Söltz-Szöts J
Hautarzt. 1986 Mar;37(3):152-5.
Thirty patients between 60 and 86 years of age (average 73.6 years) [8, 9, 11] with high risk of having the disease for an extraordinarily long time or of developing neuritis were treated for 5 days with 4-5 mg acyclovir per kilogram body weight. They were not immunocompromised and received the drug intravenously at 8-h intervals. Of this group, 20 patients received daily 40-80 mg methylprednisolone simultaneously. All patients were hospitalized because of extensive, hemorrhagic lesions, which in 8 cases were necrotizing. The primary site of the disease was the head in 13 patients (43.3%), the neck or trunk in 15 (50%) and the extremities in 2 (6.7%). In addition, 8 (26.7%) showed generalized lesions. The duration of the disease could be reduced by one-third by acyclovir treatment, as compared with reference groups, and the methylprednisolone group had even better results. Individual pain was more promptly resolved by the combined treatment than by acyclovir alone. No persistent neuritis was observed in the methylprednisolone-acyclovir group, but occurred in two out of ten patients who had received acyclovir alone. No side effects were reported. The antiviral effect of acyclovir obviously reduces the risk of possible generalization during corticosteroid treatment to negligible amounts. Because of the possible selection of resistant strains, acyclovir should usually only be given to high-risk zoster patients beyond the age of 60. Administration must be initiated in the early phase of the disease, since no effect can be expected after viral shedding has been terminated.

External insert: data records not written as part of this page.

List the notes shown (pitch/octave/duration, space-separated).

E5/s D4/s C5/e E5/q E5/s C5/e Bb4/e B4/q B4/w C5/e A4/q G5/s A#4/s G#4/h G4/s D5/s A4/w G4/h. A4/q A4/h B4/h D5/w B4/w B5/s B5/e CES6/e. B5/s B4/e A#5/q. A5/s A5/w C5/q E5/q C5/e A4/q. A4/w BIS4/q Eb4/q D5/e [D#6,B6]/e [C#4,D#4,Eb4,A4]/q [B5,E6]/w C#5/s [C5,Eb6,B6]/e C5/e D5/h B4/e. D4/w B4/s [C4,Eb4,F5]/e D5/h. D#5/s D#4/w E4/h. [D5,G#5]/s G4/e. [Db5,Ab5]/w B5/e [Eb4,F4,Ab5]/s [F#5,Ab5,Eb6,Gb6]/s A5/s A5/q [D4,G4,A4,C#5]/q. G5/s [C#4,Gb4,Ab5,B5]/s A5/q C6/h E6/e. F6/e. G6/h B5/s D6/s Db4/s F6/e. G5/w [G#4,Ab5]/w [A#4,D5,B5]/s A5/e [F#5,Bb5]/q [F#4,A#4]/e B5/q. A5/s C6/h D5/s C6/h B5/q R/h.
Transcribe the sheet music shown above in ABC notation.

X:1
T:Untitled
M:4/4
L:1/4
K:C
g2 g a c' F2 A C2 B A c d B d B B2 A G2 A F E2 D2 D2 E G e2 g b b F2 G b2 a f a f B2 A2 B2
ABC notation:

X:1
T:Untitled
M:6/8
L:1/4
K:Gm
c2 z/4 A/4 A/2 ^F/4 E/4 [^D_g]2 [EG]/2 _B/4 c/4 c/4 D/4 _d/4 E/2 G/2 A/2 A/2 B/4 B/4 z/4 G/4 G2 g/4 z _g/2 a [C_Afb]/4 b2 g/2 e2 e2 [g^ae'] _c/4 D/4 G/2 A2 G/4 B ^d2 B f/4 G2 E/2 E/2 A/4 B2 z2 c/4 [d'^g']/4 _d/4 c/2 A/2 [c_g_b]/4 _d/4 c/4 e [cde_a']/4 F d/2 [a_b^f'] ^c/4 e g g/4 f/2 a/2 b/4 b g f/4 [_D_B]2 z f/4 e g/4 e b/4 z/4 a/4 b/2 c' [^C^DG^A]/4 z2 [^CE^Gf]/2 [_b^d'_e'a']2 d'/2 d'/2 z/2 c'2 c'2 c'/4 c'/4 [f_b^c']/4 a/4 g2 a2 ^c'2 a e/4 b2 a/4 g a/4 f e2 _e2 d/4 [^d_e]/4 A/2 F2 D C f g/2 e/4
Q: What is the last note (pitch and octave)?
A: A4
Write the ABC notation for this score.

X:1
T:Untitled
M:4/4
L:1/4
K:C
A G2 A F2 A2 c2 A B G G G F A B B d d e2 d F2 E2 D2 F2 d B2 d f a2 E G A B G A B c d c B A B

30名年龄在60至86岁之间(平均73.6岁)[8,9,11]、患该病时间极长或有发展为神经炎高风险的患者,接受了为期5天的治疗,每天每公斤体重静脉注射4 - 5毫克阿昔洛韦,注射间隔为8小时。他们并非免疫功能低下者。该组中有20名患者同时每日接受40 - 80毫克甲泼尼龙治疗。所有患者均因广泛的出血性病变住院,其中8例为坏死性病变。疾病的主要发病部位在头部的有13例患者(43.3%),在颈部或躯干的有15例(50%),在四肢的有2例(6.7%)。此外,8例(26.7%)有全身性病变。与参照组相比,阿昔洛韦治疗可使疾病持续时间缩短三分之一,而甲泼尼龙组的效果更好。联合治疗比单独使用阿昔洛韦能更迅速地缓解个体疼痛。在甲泼尼龙 - 阿昔洛韦组中未观察到持续性神经炎,但在单独接受阿昔洛韦治疗的10名患者中有2例出现。未报告有副作用。阿昔洛韦的抗病毒作用明显降低了皮质类固醇治疗期间可能出现全身性感染的风险,使其降至可忽略不计的程度。由于可能会选择出耐药菌株,阿昔洛韦通常应仅用于60岁以上的高危带状疱疹患者。必须在疾病早期开始用药,因为在病毒排出终止后预计不会有效果。